FINAL UTILITY VALUES AT EACH TIME PERIOD

t Ut(S0) Ut(S1) Ut(S2) Ut(S3) Difference
0 0 0 0 10 0
1 -1 -1 1 10 1
2 -1.25 -0.85 0.95 10 0.25
3 -1.232 -0.873 0.958 10 0.023
4 -1.236 -0.87 0.956 10 0.004
5 -1.236 -0.871 0.956 10 0
6 -1.236 -0.87 0.956 10 0

OBSERVATIONS

Here, we observe that going right is always the best option, at any state.

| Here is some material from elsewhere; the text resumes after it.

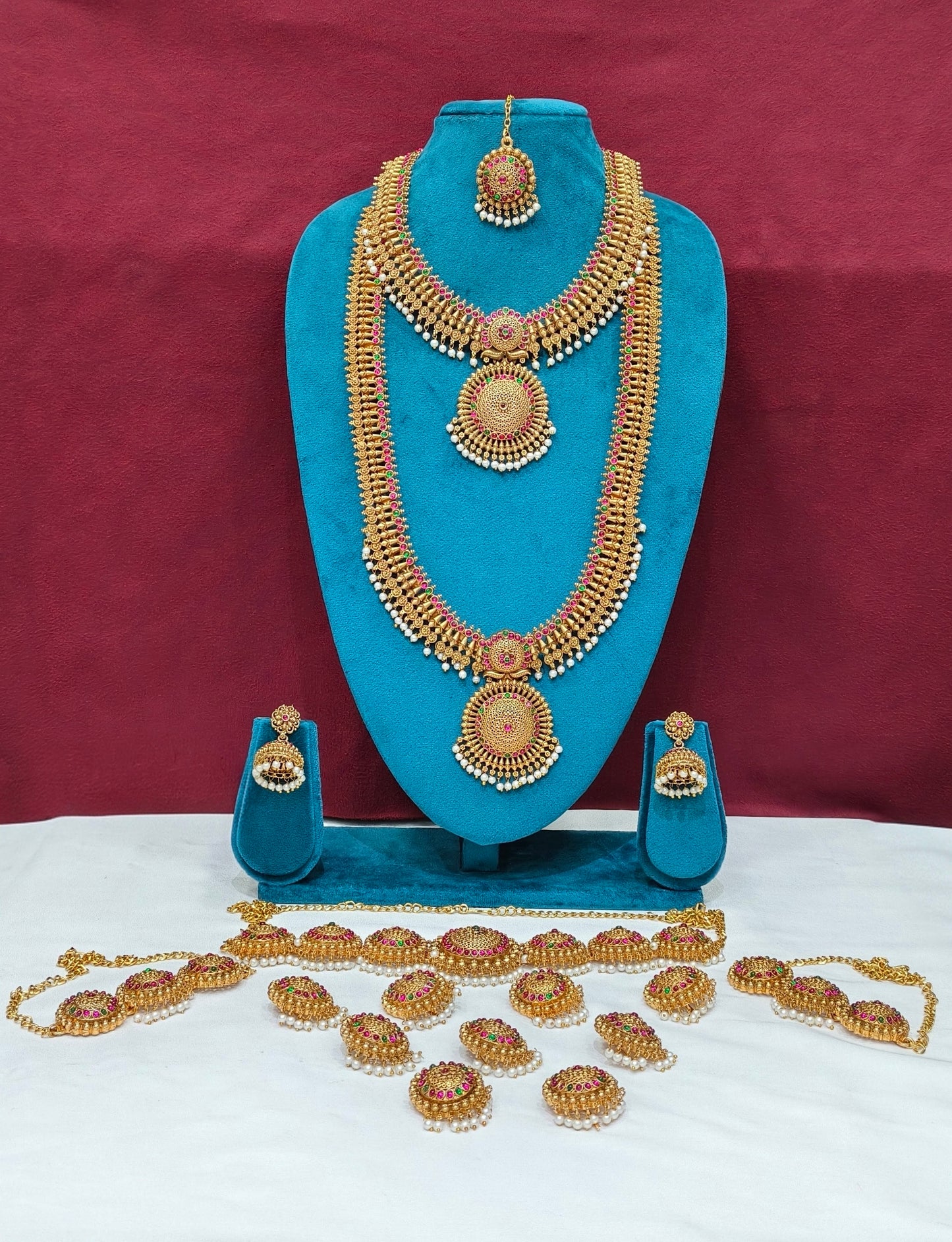 Grand Antique Gold Temple Bridal Jewelry Set (Necklaces, Earrings, Tikka, Vaddanam, Bajuband & Hair Accessories)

Therefore, the policy is to always move right, irrespective of the initial state.

CODE (in python)

nos = 4  # no of states
A = ['l', 'r']  # actions
noa = 2

# R [from state][action]
R = [[-1, -1], [-1, -1], [-1, -1]]

# P [from state] [to state] [action]
P = [
    [[0.8, 0.2], [0.2, 0.8], [0, 0], [0, 0]],
    [[0.8, 0.2], [0, 0], [0.2, 0.8], [0, 0]],
    [[0, 0], [0.8, 0.2], [0, 0], [0.2, 0.8]],
]

delta = 0.01
gamma = 0.25
max_diff = 0

V = [0, 0, 0, 10]  # utilities of each state

print('Iteration', '0', '1', '2', '3', 'Maximum difference', sep="|")

for time in range(0, 30):
    print(time, V[0], V[1], V[2], V[3], max_diff, sep="|")
    Vnew = [-1e9, -1e9, -1e9,10]
    for i in range(3):
        for a in range(noa):
            cur_val = 0
            for j in range(nos):
                cur_val += P[i][j][a]*V[j]
            cur_val *= gamma
            cur_val += R[i][a]
            Vnew[i] = max(Vnew[i], cur_val)
    max_diff = 0
    for i in range(4):
        max_diff = max(max_diff, abs(V[i]-Vnew[i]))
    V = Vnew
    if(max_diff < delta):
        break

# one final iteration to determine the policy
Vnew = [-1e9, -1e9, -1e9, 10]
policy = ['NA', 'NA', 'NA', 'NA']
for i in range(3):
    for a in range(noa):
        cur_val = 0
        for j in range(nos):
            cur_val += P[i][j][a]*V[j]
        cur_val *= gamma
        cur_val += R[i][a]
        if(Vnew[i] < cur_val):
            policy[i] = A[a]
            Vnew[i] = max(Vnew[i], cur_val)
print("The policy is:", policy)

On running this, we get the final table that has the utilities of each state.

Feel free to change the values of the given parameters to observe the changes in the policy.

In this article at OpenGenus, you should have a complete idea of Value Iteration Algorithm. Enjoy.